Capacity Health Check & Analysis
CiRBA allows the health of a running environment to be assessed in several ways, including the detection of unusual or undesirable workload patterns and the identification of improperly configured resources. The efficiency of an environment is assessed through the detailed analysis of “whitespace,” which allows capacity allocations to be decomposed into spare capacity that is truly required, and spare capacity that is simply waste. CiRBA’s advanced workload modeling and constraint analysis is applied to continuously track capacity health and status within an environment. Some of the key areas where CiRBA’s analytics assist organizations in the ongoing analysis of capacity status are outlined below:
Identifying Operational Risks and Possible Service Impact
CiRBA’s advanced utilization analysis can automatically detect unusual, anomalous, or otherwise suspect workload patterns to identify and predict operational risks and potential business service impacts.
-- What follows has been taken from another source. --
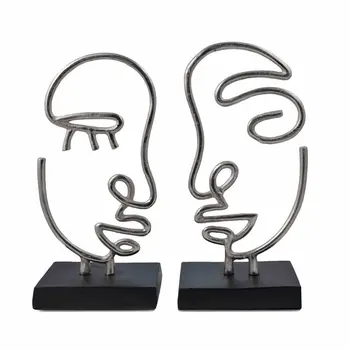 Set of Two Black and Silver Aluminum Tabletop Sculpture
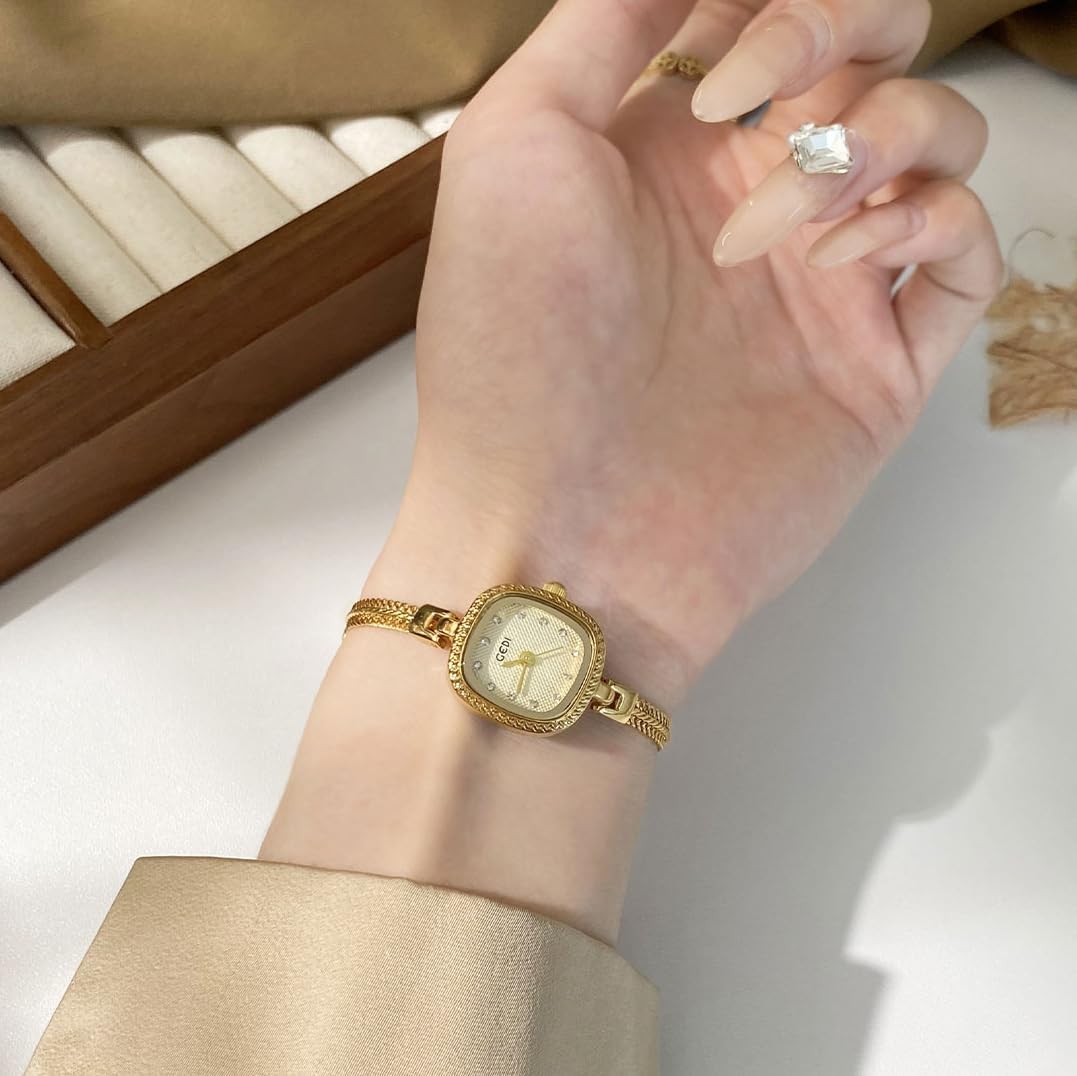 FANMIS Vintage Women's Square Watch Updated Ladies Minimalism Bracelet Small Gold Watch Delicate Quartz Timepiece with Slim Alloy Band Waterproof Luxury Design Dress Watch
Some of the problematic patterns detectable by CiRBA include the following:
- Spinning processes, which can often go undetected and may cause workload managers and load balancers to misfire and/or become confused
- High context switching, which may go undetected by management tools that only look at CPU and memory, and which can cause significant operational problems in virtual environments, particularly if several such workloads are placed onto the same physical host
- Workloads with “glass ceilings,” or unusually low peak utilization levels, which may be indicative of an under-allocation of resources (causing throttling of activity) or of single threaded applications that cannot leverage all the resources at their disposal
Identifying Waste and VM Sprawl
Sprawl in virtual environments is a very real problem faced by many organizations. CiRBA enables the tracking of VM’s, their configurations and their utilization in order to help prevent sprawl and waste including:
- Detecting idle systems by identifying a combination of low utilization and a lack of active connections with other systems
Identifying Improperly Configured Resources
Although improperly configured resources can sometimes be detected through unusual operational patterns, they may also be latent and difficult to detect. A good example of this improper configuration includes virtual machines that are allocated more memory than they require. Significant resources can be consumed by such erroneous configurations. CiRBA rules can be leveraged to detect any problematic configuration that may cause performance issues. Some areas where CiRBA can be applied include the folowing:
- Analyzing actual resource utilization versus allocations, to uncover over/under configured VMs based on historical usage patterns throughout the operational cycle
- Identifying vSMP risks caused by over/under allocation of virtual CPUs to a specific virtual machine
- Reconciling resource pool settings against the aggregate utilization of the resources within it, and if application-level metrics are available, the performance of the applications being hosted
Indentifying True Capacity Whitespace vs Waste
Whitespace, or spare capacity, can be divided into two parts: The extra capacity required to meet the varying needs of the workloads (sometimes referred to as “encumbered” or “reserved” whitespace), and waste (excess whitespace). The challenge is to identify the proper amount of reserved whitespace required for each environment. CiRBA enables organizations to determine and track whitespace as a key efficiency metric, and constantly eliminate any excess whitespace through the intelligent placement of workloads or the rebalancing and reallocation of physical hardware.

Fully Loaded Utilization
The ultimate measure of infrastructure efficiency is referred to as fully loaded utilization. It is the ratio of current utilization of capacity to the theoretical maximum utilization, given all the requirements, obligations, and constraints described previously. Alternately, it can be defined as the ratio of the minimum amount of server capacity that will safely support a business service to the amount of capacity currently in use. Efficiency is a moving target, and what is acceptable today may change tomorrow.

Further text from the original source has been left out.